There are many times that irrigators utilizing traveling hose reels are irrigating adjacent public roads in which they cannot get water on. The current solution is to start irrigating a fixed distance away from the edge of the field so that the spray does not go onto the road. This solution, however, creates corner areas in the fields that do not get irrigated.
BRIEF SUMMARY
The automatic reversible arc assembly of the described embodiments allows the irrigator to place the sprinkler adjacent a public road and operate the sprinkler in a 180-degree arc facing back into the field, away from the road. This allows all the field to be irrigated by the hose reel without getting water on the public road. The irrigator sets a timer that will reverse the sprinkler from, for example, a 180-degree arc to, for example, a 270-degree arc in the opposite direction. The timer is set by the irrigator so that the sprinkler will reverse directions far enough from the edge of the field so as to prevent water from spraying on the adjacent road. After reversing, the sprinkler transitions into a larger arc, e.g., 270 degrees, facing in the opposite direction. The 270-degree arc is exemplary, and other dimensions may be suitable. The 270-degree arc is preferable so that the sprinkler does not irrigate over the traveling hose and create wheel tracks from the cart.

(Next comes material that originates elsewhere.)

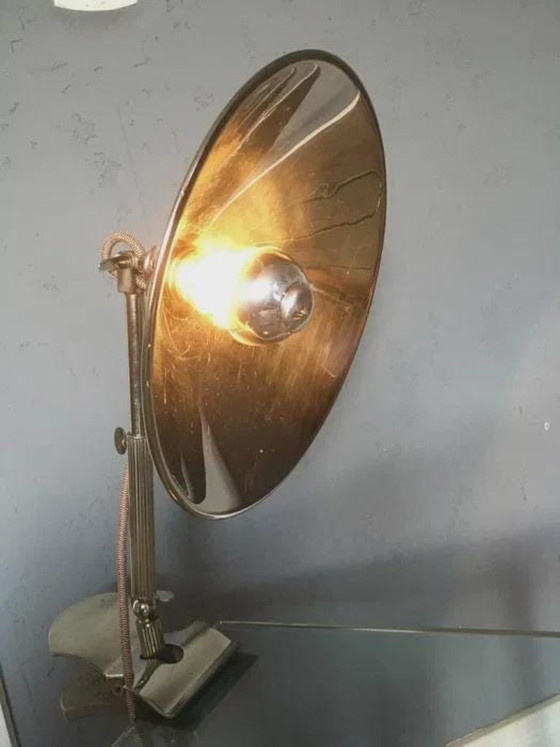 Glory industrial clamp lamp, chrome reflector shade, Germany, 1950s, Table lamps, Metal, Silver (photo 2 of 7)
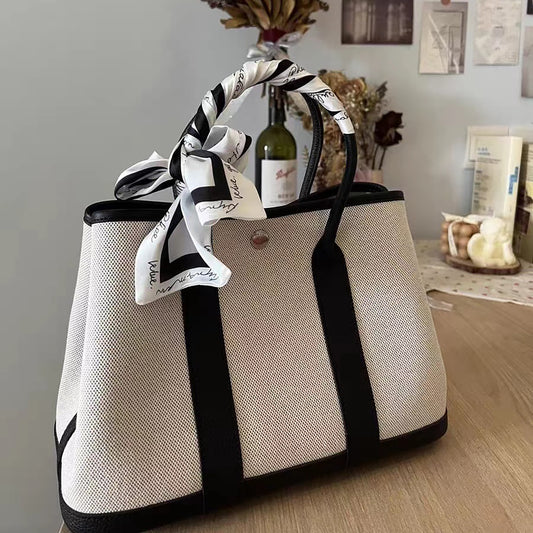 Commuter Canvas Garden Top Layer Cowhide Large Capacity Computer Handbags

In an exemplary embodiment, an automatic reversible arc assembly for a sprinkler with a base cover and a direction change arm includes a first rotary stop arm pivotably connectable to the sprinkler, and a first primary stop member fixed to the first rotary stop arm adjacent a distal end of the first rotary stop arm. A second rotary stop arm is pivotably connectable to the sprinkler, and a second primary stop member is fixed to the second rotary stop arm adjacent a distal end of the second rotary stop arm. The first and second primary stop members are circumferentially spaced from each other by a first amount. A stop assembly mounting plate is connected between the first and second rotary stop arms at proximal ends of the first and second rotary stop arms. First and second secondary stop members are coupled with the stop assembly mounting plate and are circumferentially spaced from each other by a second amount different from the first amount. A latch pin is securable to the base cover of the sprinkler, and a timer module coupled to and pivotable with the first rotary stop arm includes a timer latch that is selectively engageable with the latch pin. The first and second rotary stop arms are pivotable between a first position in which the timer latch is engaged with the latch pin and in which the first and second primary stop members are active, and a second position in which the timer latch is disengaged from the latch pin and in which the first and second secondary stop members are active.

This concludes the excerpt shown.